Data items:
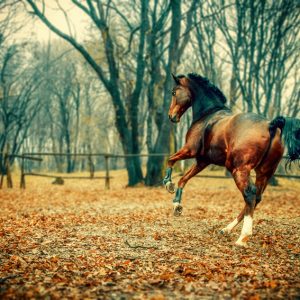 Horse in the beautiful forest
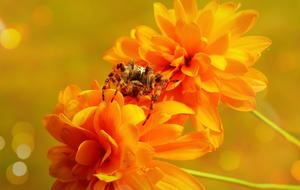 crusader spider on orange flowers in the garden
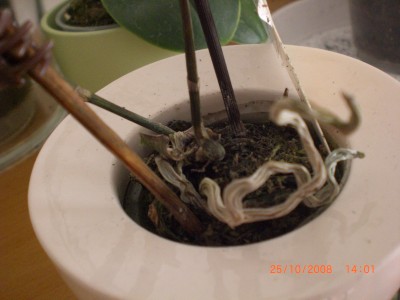 Bilder 025.jpg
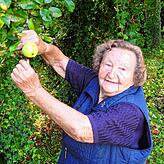 Hildegard Schäffner hat zu jedem Baum eine persönliche Beziehung. Besonders stolz ist sie auf ihren Schafsnasen-Apfelbaum.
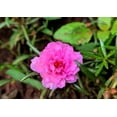 thumbnail image 5 of Seedville 100 Moss Rose 'Portulaca Grandiflora' Plant Seeds, 5 of 8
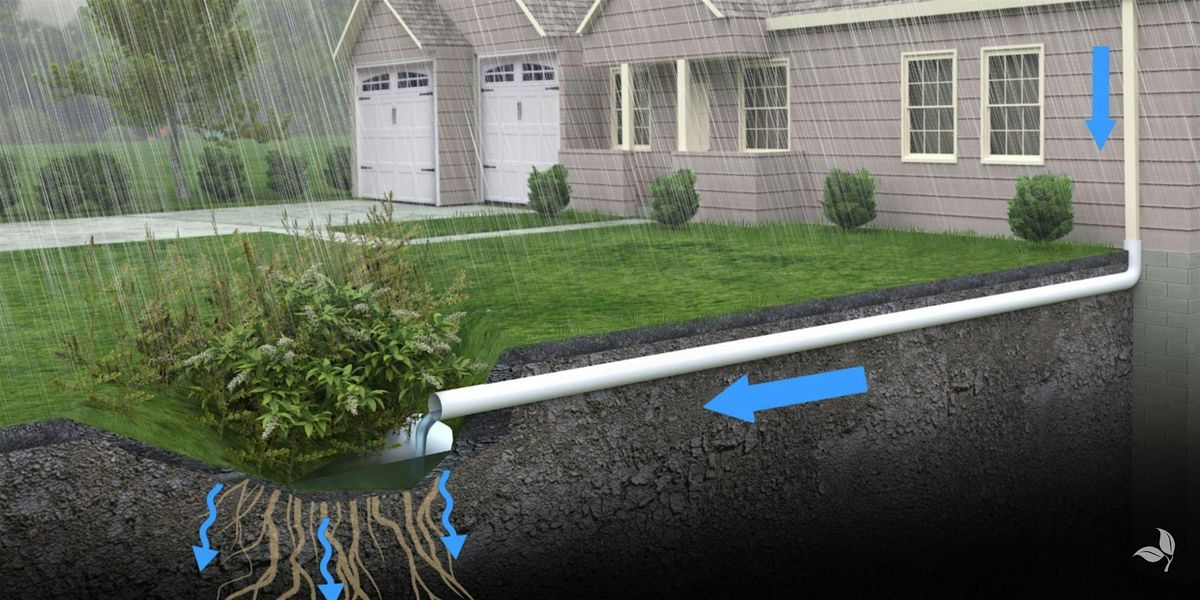 Rain Gardens & Drainage Lecture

• TASK BRIEF: Copy out, with no pictures, the lines from the one containing "thumbnail image 5" through the last line of the data above, both ends included and each word unchanged.

• ANSWER BOX:
 thumbnail image 5 of Seedville 100 Moss Rose 'Portulaca Grandiflora' Plant Seeds, 5 of 8
 Rain Gardens & Drainage Lecture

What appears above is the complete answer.